You should go over and check out for the whole roster but I’ll say this for the piece’s author, the aptly named Jared Diamond: he put together a team with very few holes. There are obvious movie ball players that jump to mind: of course Ricky “Wild Thing” Vaughn (Charlie Sheen) will be the movie All-Stars’ closer; of course Roy Hobbs (Robert Redford) from “The Natural” will be in left field. But Diamond didn’t forget the obscure choices either. He’s got the legendary Benny “The Jet” Rodriguez (Mike Vitar) from “The Sandlot,” and he even put the titular monkey from Matt LeBlanc’s “Ed” as a utility player on the bench. Smart move: “Ed” may be one of the most hideous family movies ever committed to celluloid, but goddamn that monkey had a rocket for an arm.

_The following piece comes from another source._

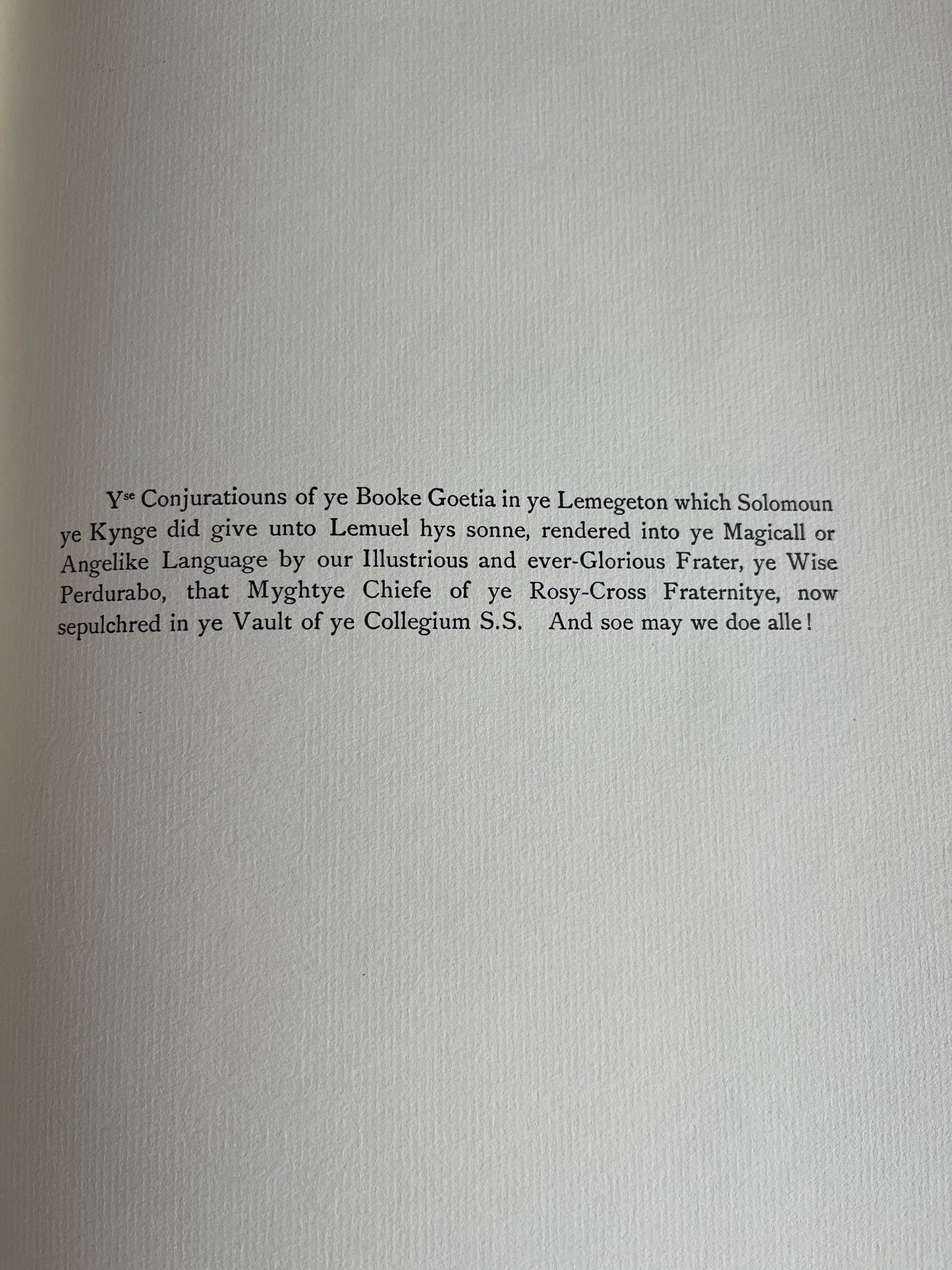 The Book of the Goetia of Solomon the King - Aleister Crowley (First Facsimile Edition 1976)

Billy Chapel (Kevin Costner) from “For Love of the Game,” Jack Elliot (Tom Selleck) from “Mr. Baseball,” Henry Rowengartner (Thomas Ian Nicholas) from “Rookie of the Year,” they’re all here. I love baseball and I love baseball movies; a few years ago, I wrote a whole week’s worth of articles about real-life baseball All-Stars playing themselves onscreen. I could only think of one player who got snubbed: Bernie Mac’s Stan Ross from “Mr. 3000.” Granted, the Ross of the film is all washed up. But assuming we can get the Stan Ross of his prime — and since you’d only want a guy like Benny “The Jet” Rodriguez if you could have the version that became a sensation for the L.A. Dodgers after the events in the film — he’s an easy choice. The man had (almost) 3,000 hits and he’s a guaranteed hall of famer. I’d want him on the bench as my backup first baseman over Kelly Leak (Jackie Earle Haley) from “The Bad News Bears” who is a great player but is, all things considered, a little kid.

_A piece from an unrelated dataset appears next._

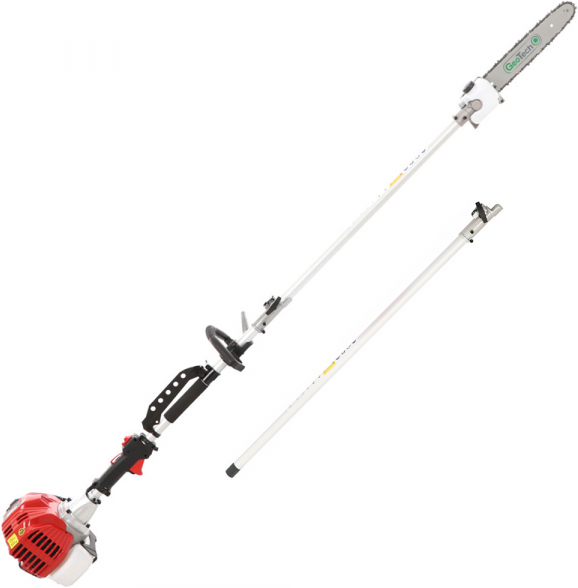 Perche élagueuse thermique à 2 temps GeoTech GT-2 52 L avec perche de rallonge - 52 cm3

The real question is: are the movie All-Stars good enough to take on the real All-Stars? I’m not so sure. We’ve got a few children on here and, yeah, at least one monkey. Then again, it seems like half of the Major League All-Stars selected this year are too injured to play. Maybe they’ve got a shot. And if Enrico Pallazzo (a.k.a. Leslie Nielsen’s Frank Drebin from “The Naked Gun”) is umpiring the game as per Diamond’s excellent suggestion, anything is possible.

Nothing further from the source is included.